Nothing but the lines from the start of the data through the line with "Saalbach - Freestyle" should appear in the answer, each retyped exactly, and pictures should not.

(Data records Opens)

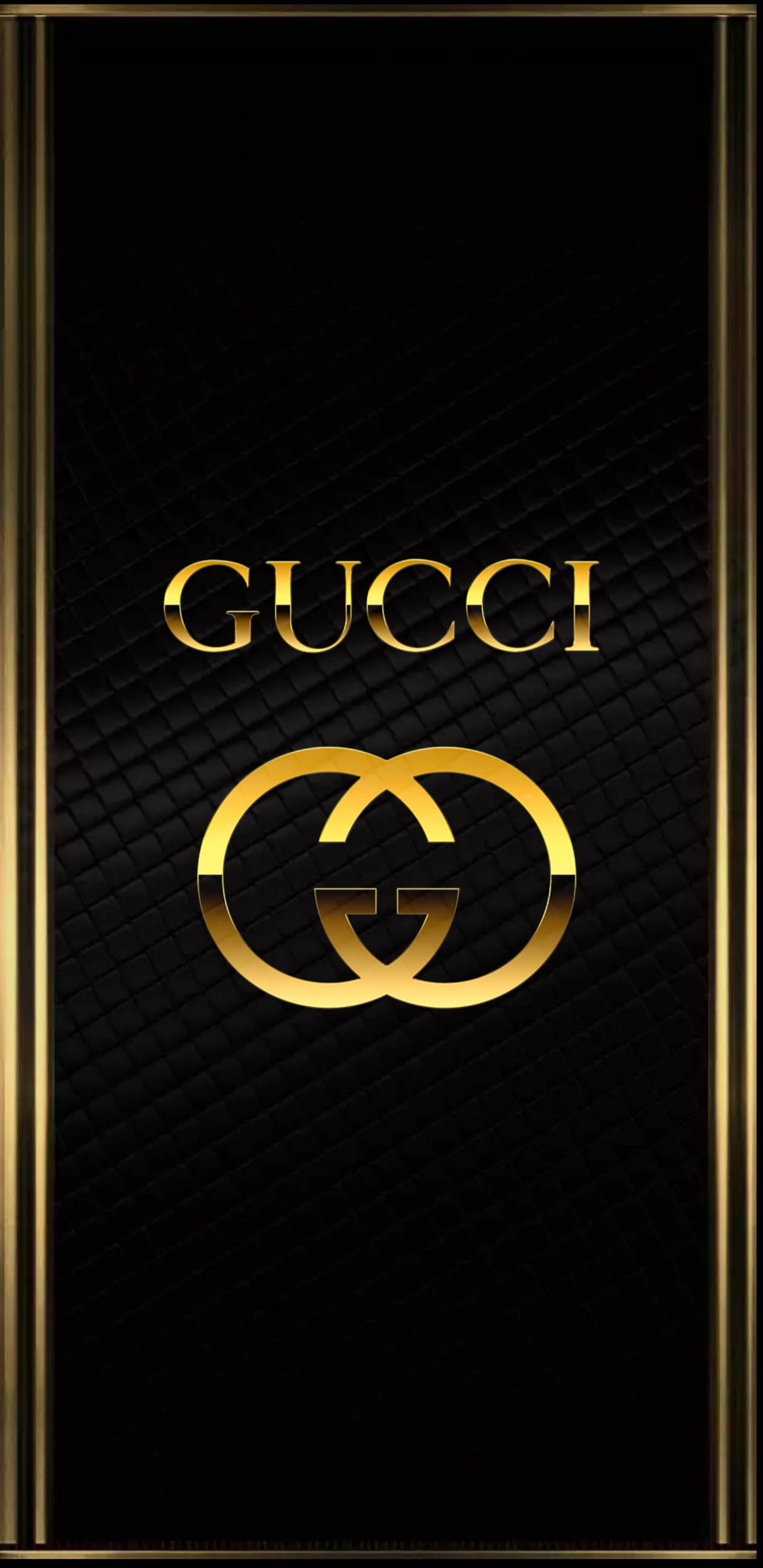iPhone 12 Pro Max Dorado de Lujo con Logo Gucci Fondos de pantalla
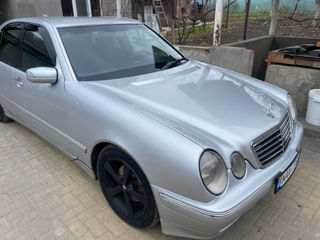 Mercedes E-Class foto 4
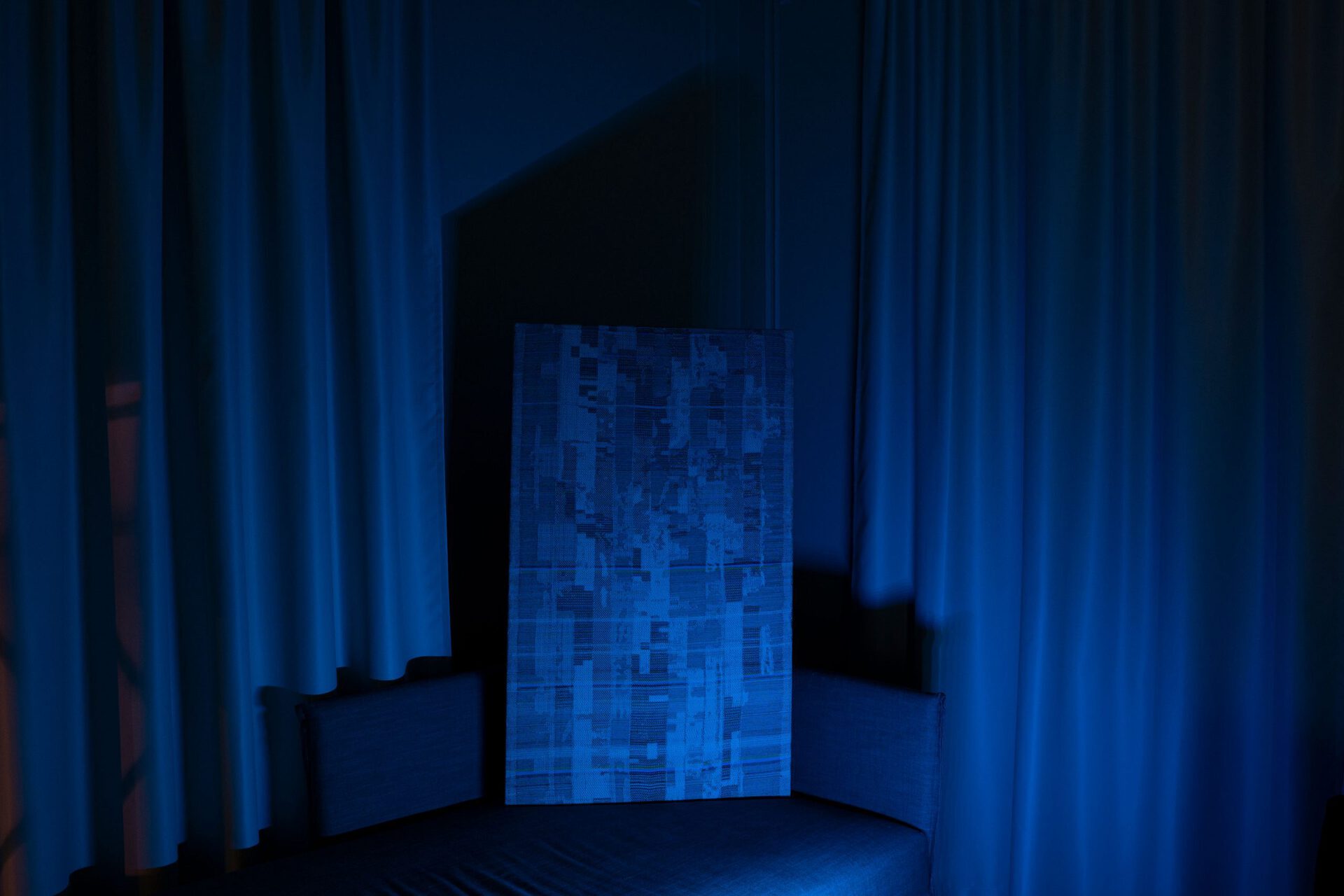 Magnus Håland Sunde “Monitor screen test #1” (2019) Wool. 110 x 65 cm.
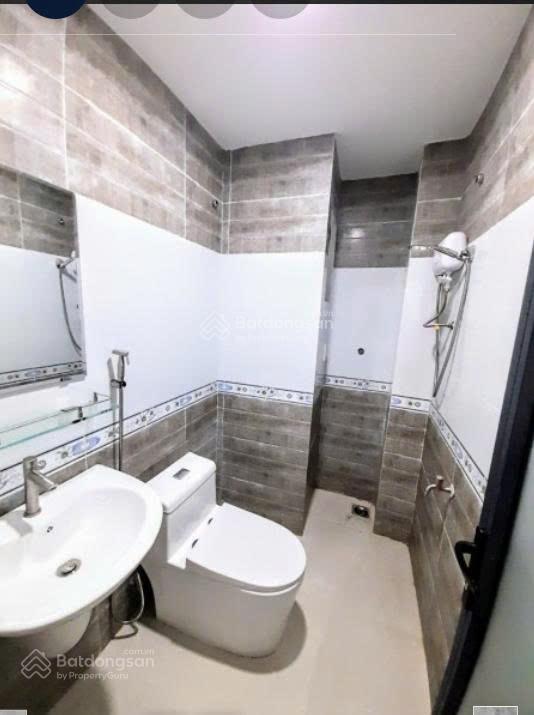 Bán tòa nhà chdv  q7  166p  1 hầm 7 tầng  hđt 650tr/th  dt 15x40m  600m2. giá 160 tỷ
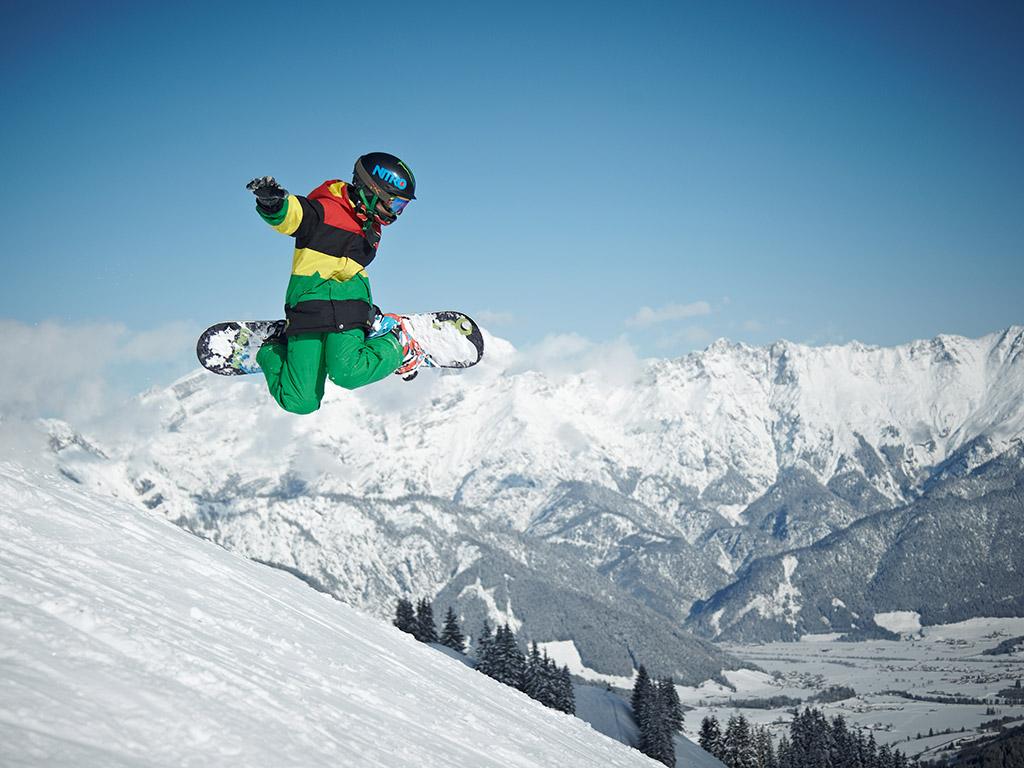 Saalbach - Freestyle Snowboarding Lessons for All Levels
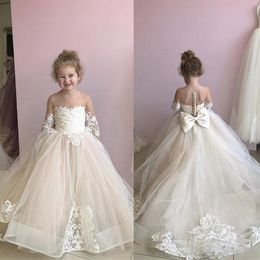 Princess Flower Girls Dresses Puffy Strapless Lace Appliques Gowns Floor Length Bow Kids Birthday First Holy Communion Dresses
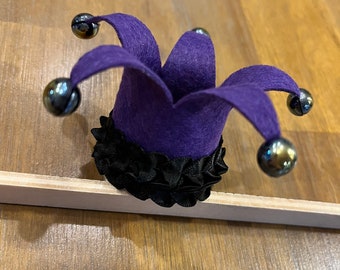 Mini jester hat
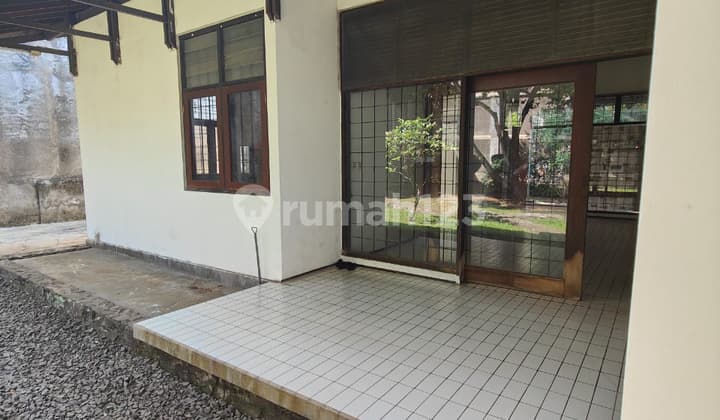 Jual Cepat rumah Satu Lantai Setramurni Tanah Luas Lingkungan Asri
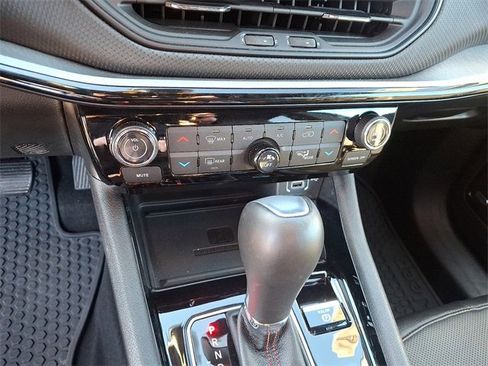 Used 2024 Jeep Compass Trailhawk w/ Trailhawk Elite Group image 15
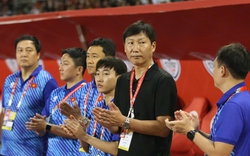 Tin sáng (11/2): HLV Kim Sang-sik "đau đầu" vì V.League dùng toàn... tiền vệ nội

(Data records Closes)

Written reply:
iPhone 12 Pro Max Dorado de Lujo con Logo Gucci Fondos de pantalla
 Mercedes E-Class foto 4
 Magnus Håland Sunde “Monitor screen test #1” (2019) Wool. 110 x 65 cm.
 Bán tòa nhà chdv  q7  166p  1 hầm 7 tầng  hđt 650tr/th  dt 15x40m  600m2. giá 160 tỷ
 Saalbach - Freestyle Snowboarding Lessons for All Levels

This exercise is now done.